Preston is an unincorporated community located in Okmulgee County, Oklahoma, United States. The population was 169 at the 2020 census.

==History==
First known as Hamilton Switch, and now unrecognizable from the past, Preston was once a highly prosperous community, thriving mainly from the oil boom, as did many of the surrounding communities. Later on, as the oil industry quieted in Preston, it served as a station for restocking trains and running cattle trails, loading water from Frisco Lake.

The post office was established December 13, 1909. It was named for an Okmulgee oilman, Harry Preston.

It currently has two schools, three churches, a single gas station, feed store, a heating and air company, and a hair salon, as well as a fire protection business and the offices of Oklahoma Rural Water District No. 2.

==Demographics==

Historical population
| Census | Pop. | Note | %± |
| 2020 | 169 |  | — |
U.S. Decennial Census

===2020 census===

As of the 2020 census, Preston had a population of 169. The median age was 45.7 years. 21.9% of residents were under the age of 18 and 14.8% of residents were 65 years of age or older. For every 100 females there were 108.6 males, and for every 100 females age 18 and over there were 109.5 males age 18 and over.

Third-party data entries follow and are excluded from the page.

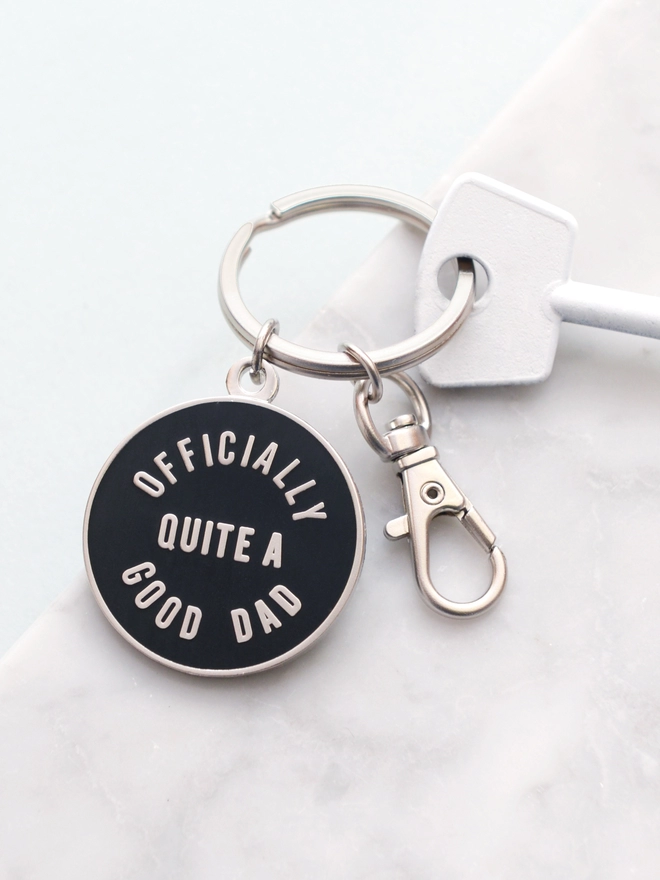 Black and silver enamel keyring with 'Officially Quite a Good Dad' design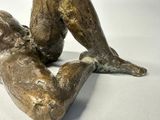 a bronze statue of a man laying on his stomach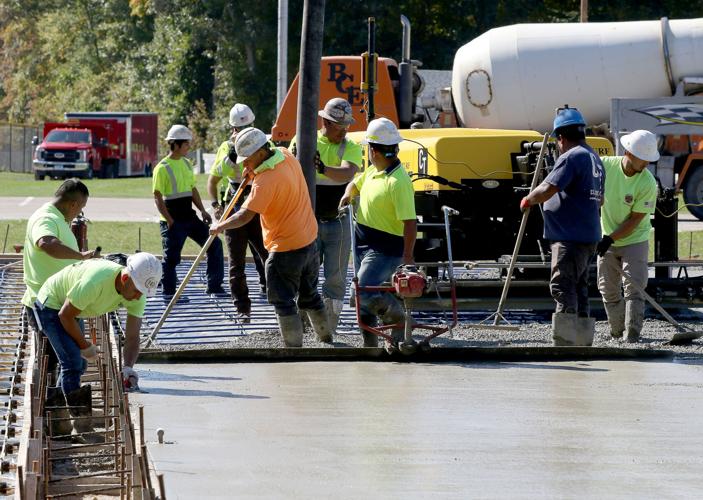 PHOTOS: Cross court winner: Stonington tennis courts get a new surface
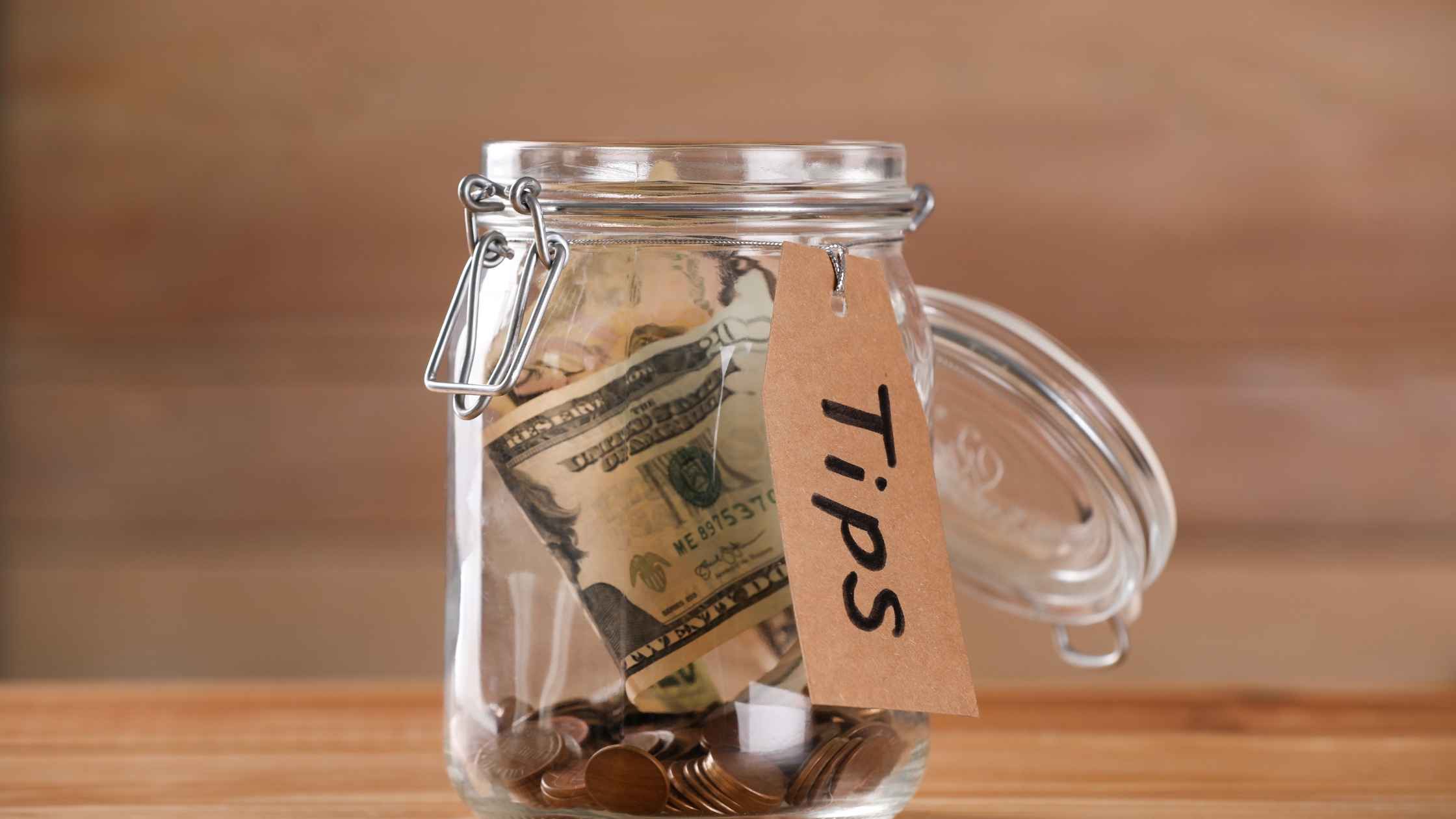 Glass jar labeled “Tips” filled with cash and coins, representing budgeting tips and money-saving strategies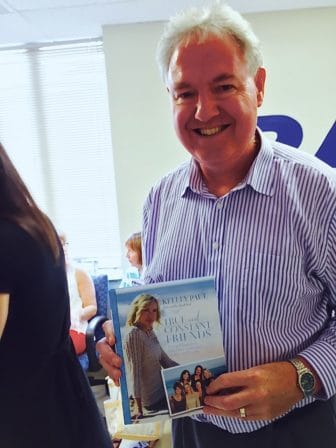 Chris Van Veen of Brookline, with his copy of Kelley Paul's book.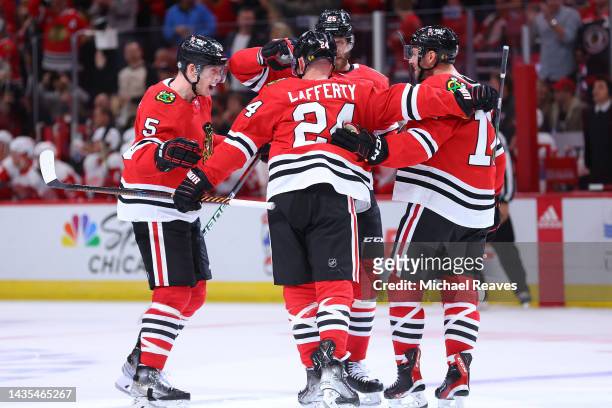 Connor Murphy of the Chicago Blackhawks celebrates with teammates after scoring a goal against the Detroit Red Wings during the third period at...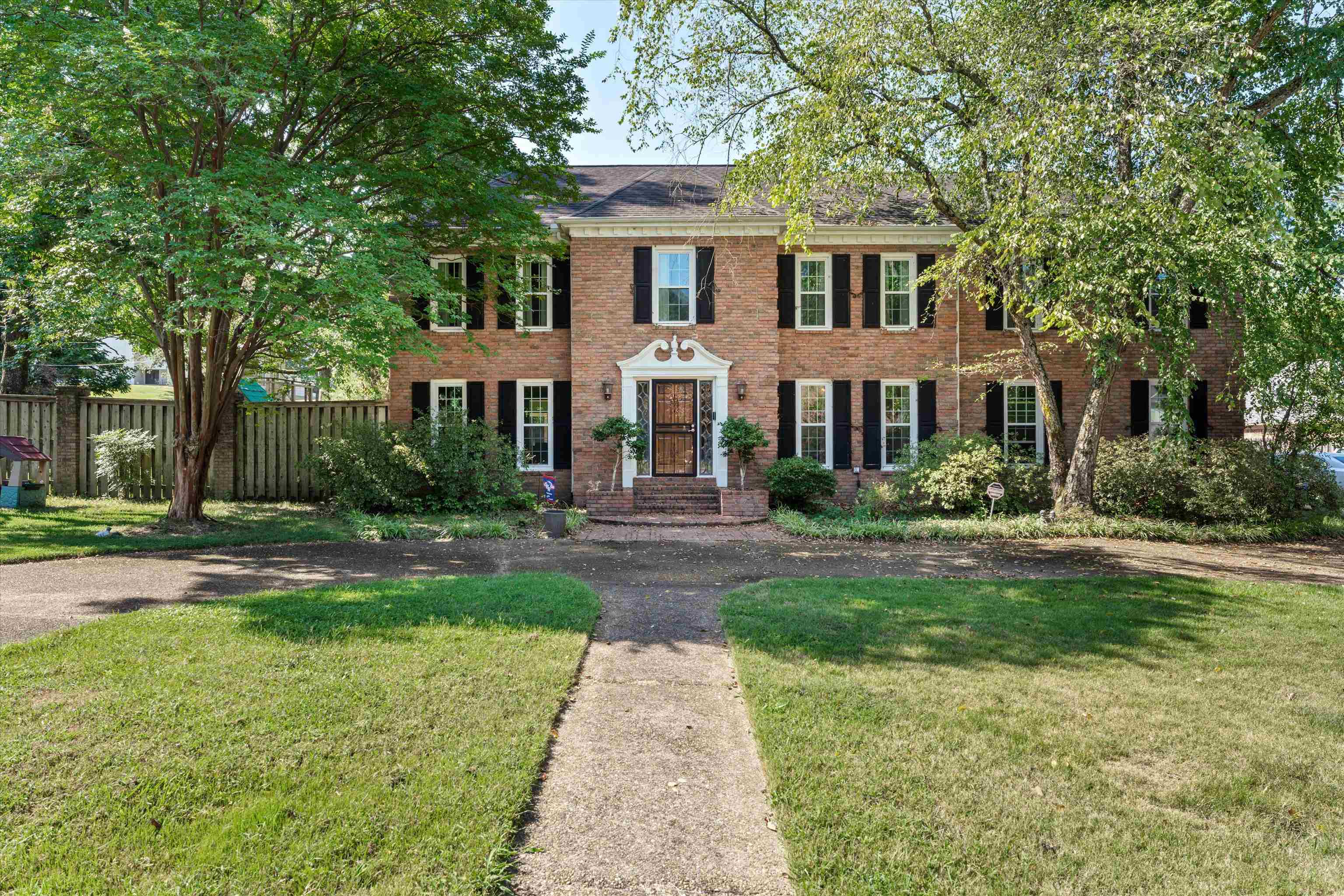 a front view of a house with yard and green space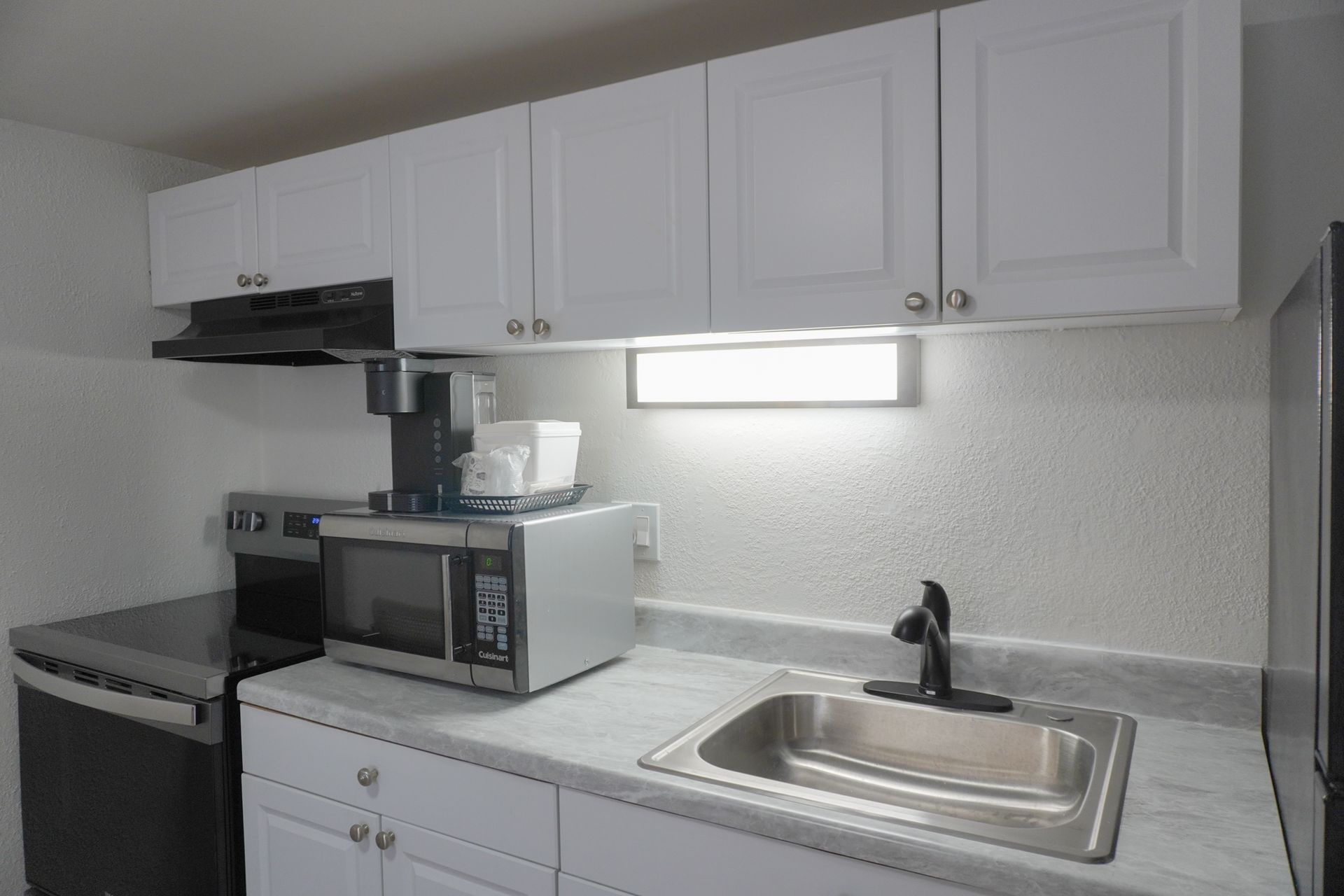 A kitchen with a sink , stove , microwave and dishwasher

0.0% of residents lived in urban areas, while 100.0% lived in rural areas.

There were 82 households in Preston, of which 36.6% had children under the age of 18 living in them. Of all households, 53.7% were married-couple households, 12.2% were households with a male householder and no spouse or partner present, and 24.4% were households with a female householder and no spouse or partner present. About 20.8% of all households were made up of individuals and 12.2% had someone living alone who was 65 years of age or older.

There were 94 housing units, of which 12.8% were vacant. The homeowner vacancy rate was 0.0% and the rental vacancy rate was 0.0%.

Racial composition as of the 2020 census
| Race | Number | Percent |
|---|---|---|
| White | 93 | 55.0% |
| Black or African American | 20 | 11.8% |
| American Indian and Alaska Native | 36 | 21.3% |
| Asian | 0 | 0.0% |
| Native Hawaiian and Other Pacific Islander | 0 | 0.0% |
| Some other race | 0 | 0.0% |
| Two or more races | 20 | 11.8% |
| Hispanic or Latino (of any race) | 5 | 3.0% |

==Education==
Preston Public School is the school district serving the community.

==Transportation==
Preston is served by U.S. Route 75, a major national north/south artery for much of its length, currently running from the Canada–US border at Noyes, Minnesota to Dallas.

Preston is also on Old Highway 75, being the previous two-lane alignment of US-75 running north to Beggs and south to Okmulgee.